国税庁は、給与支払報告書と源泉徴収票の電子的提出の一元化について、情報を公表しました。来年(平成29年)1月からの実務が微妙に変わりそうです。
説明のポイント
- 給与データの電子申告が、eLTAXの送信に一元化
- 源泉徴収票データのe-tax送信は不要になる
- 報酬や不動産の使用料等の支払調書がある場合、「追加」としてe-taxで送信
給与データの送信をeLTAXに一元化する話
現在の電子申告のしくみでは、1月における給与データの電子申告を、次のとおり対応しています。
- 必要のある「源泉徴収票」と、これに関する「給与所得の源泉徴収票等の法定調書合計表」のデータをe-taxで送信
- すべての「給与支払報告書」のデータをeLTAXで送信
この手続きを改善し、eLTAXに一本化し、一括作成・送信できる件が、国税庁より公表されました。
eLTAX公式サイトでも8月に既に告知されていましたが、国税庁がその詳細が明らかにしたものです。
参照:給与・公的年金等の支払報告書及び源泉徴収票のeLTAXでの一括作成・提出(電子的提出の一元化)について(国税庁、2016年10月28日)
どういう意味なのか?
税務署(e-tax)に提出する「源泉徴収票」の内容と、市区町村(eLTAX)に提出する「給与支払報告書」の内容は、もともとは同じものです。
しかし、e-taxとeLTAXの管轄の違いで、別々に電子申告することを求められていました。これらのデータの送信先を一元化して効率化を図る、という話です。
▲「給与・公的年金等の支払報告書及び源泉徴収票のeLTAXでの一括作成・提出(電子的提出の一元化)について」より引用
どんな影響が生じるか?
(1)特に何かを新しく準備する必要はない
これまで、eLTAX対応ソフトを使って給与支払報告書を送信している場合は、税務ソフトウェアのアップデートで自動的に対応すると見込まれます。特に新しく何かを準備する必要はなさそうです。
参考:eLTAX対応ソフトウェア一覧(eLTAX)
(2)源泉徴収票データのe-tax送信が不要になる
源泉徴収票は、給与支払報告書と一元化して送信されるため、個別にe-taxでデータを送信する必要がなくなります。

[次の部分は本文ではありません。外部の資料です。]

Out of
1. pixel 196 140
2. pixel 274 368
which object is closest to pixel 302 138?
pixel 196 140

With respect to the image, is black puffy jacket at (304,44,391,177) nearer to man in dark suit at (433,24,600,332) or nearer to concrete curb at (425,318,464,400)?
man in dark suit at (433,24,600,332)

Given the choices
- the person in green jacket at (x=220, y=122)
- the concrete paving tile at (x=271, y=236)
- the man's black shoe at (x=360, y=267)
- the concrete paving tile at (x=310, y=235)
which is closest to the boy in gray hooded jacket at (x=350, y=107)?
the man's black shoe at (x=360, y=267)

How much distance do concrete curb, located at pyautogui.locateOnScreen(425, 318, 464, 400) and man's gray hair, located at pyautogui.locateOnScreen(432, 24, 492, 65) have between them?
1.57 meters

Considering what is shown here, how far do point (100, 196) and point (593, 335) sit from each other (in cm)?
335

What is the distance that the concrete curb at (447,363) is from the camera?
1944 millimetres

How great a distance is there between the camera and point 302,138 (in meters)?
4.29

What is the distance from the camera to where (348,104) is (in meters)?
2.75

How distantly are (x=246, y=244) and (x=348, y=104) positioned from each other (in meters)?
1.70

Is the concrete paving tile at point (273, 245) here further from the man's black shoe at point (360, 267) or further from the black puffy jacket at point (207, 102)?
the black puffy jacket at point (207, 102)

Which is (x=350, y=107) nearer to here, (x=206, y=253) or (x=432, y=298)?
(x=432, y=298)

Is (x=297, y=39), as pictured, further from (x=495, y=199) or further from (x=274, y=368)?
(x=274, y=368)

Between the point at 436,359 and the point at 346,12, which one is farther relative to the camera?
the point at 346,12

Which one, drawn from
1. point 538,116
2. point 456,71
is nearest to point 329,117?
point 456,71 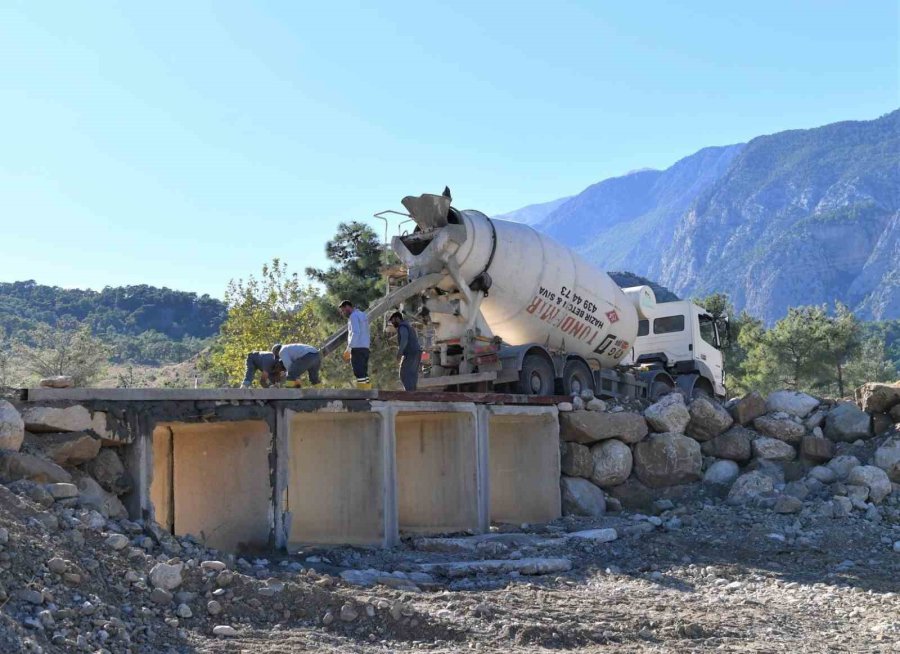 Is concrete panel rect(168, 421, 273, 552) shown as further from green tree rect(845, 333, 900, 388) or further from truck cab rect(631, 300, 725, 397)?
green tree rect(845, 333, 900, 388)

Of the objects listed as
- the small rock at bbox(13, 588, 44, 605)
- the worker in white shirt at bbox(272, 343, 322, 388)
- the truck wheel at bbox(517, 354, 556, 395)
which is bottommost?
the small rock at bbox(13, 588, 44, 605)

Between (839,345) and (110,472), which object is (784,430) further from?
(839,345)

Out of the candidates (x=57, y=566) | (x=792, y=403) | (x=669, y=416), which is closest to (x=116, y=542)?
(x=57, y=566)

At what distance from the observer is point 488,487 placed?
1284cm

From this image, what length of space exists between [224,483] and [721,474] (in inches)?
284

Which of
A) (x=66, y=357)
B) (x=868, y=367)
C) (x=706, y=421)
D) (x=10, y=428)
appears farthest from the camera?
(x=868, y=367)

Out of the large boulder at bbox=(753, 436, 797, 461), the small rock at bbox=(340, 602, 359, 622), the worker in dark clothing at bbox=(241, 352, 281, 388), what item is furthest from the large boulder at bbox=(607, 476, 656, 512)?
the small rock at bbox=(340, 602, 359, 622)

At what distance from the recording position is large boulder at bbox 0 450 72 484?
312 inches

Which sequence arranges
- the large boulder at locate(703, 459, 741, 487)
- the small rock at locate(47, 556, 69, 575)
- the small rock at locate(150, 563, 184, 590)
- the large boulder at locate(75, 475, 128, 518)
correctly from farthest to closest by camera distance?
1. the large boulder at locate(703, 459, 741, 487)
2. the large boulder at locate(75, 475, 128, 518)
3. the small rock at locate(150, 563, 184, 590)
4. the small rock at locate(47, 556, 69, 575)

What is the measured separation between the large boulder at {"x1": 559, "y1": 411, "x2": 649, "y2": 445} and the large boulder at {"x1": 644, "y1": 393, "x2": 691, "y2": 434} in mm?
318

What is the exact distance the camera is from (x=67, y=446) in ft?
28.5

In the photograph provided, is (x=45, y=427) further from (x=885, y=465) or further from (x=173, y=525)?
(x=885, y=465)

なお、この取り扱いが始まるのは、平成28年分以降のものについてです。
また、1月31日を提出期限とする「給与所得の源泉徴収票等の法定調書合計表」も、同時に提出できます。提出されたかどうかは、e-taxのメッセージボックスで確認します。
参考:[手続名]給与所得の源泉徴収票(同合計表)(国税庁)
(3)報酬や不動産の使用料等の支払調書は、「追加」扱いで送信
給与以外に、報酬や不動産の使用料を払っており、支払調書を提出する場合はどう対応すればいいのでしょうか。
国税庁から「電子的提出の一元化に関するQ&A」が公表されています。このQ5によれば、次のように書かれています。
Q5 電子的提出の一元化により提出する給与所得の源泉徴収票以外にも法定調書を作成する場合、どのようにして「給与所得の源泉徴収票等の法定調書合計表」を提出すればよいですか。
(答)
給与所得の源泉徴収票以外の法定調書を提出する場合については、e-Taxや書面等、従来と同様の方法により給与所得の源泉徴収票以外の内容を記載した「給与所得の源泉徴収票等の法定調書合計表」と併せて提出してください。その際、例えば、電子的提出の一元化により給与所得の源泉徴収票を先に提出した場合には、電子的提出の一元化による「給与所得の源泉徴収票等の法定調書合計表」は「新規」、給与所得の源泉徴収票以外の内容を記載した「給与所得の源泉徴収票等の法定調書合計表」は「追加」として提出してください。
つまり、報酬や不動産の使用料等の支払調書と、それらの内容をまとめた法定調書合計表は「追加」で提出して対応します。このあたり、実務が微妙に変わりそうです。
▲法定調書合計表の「調書の提出区分」を「追加」にする。
まとめ
給与支払報告書と源泉徴収票のデータ送信を、来年(平成29年)1月からeLTAXに一元化する話をお伝えしました。
この件は、電子申告をeLTAXで実施できる環境がある場合の話です。
- 電子申告ではなく、紙や光ディスクで税務署や市区町村に提出している
- e-taxは利用しているが、eLTAXは利用していない
などの場合は、今回の一元化は適用できません。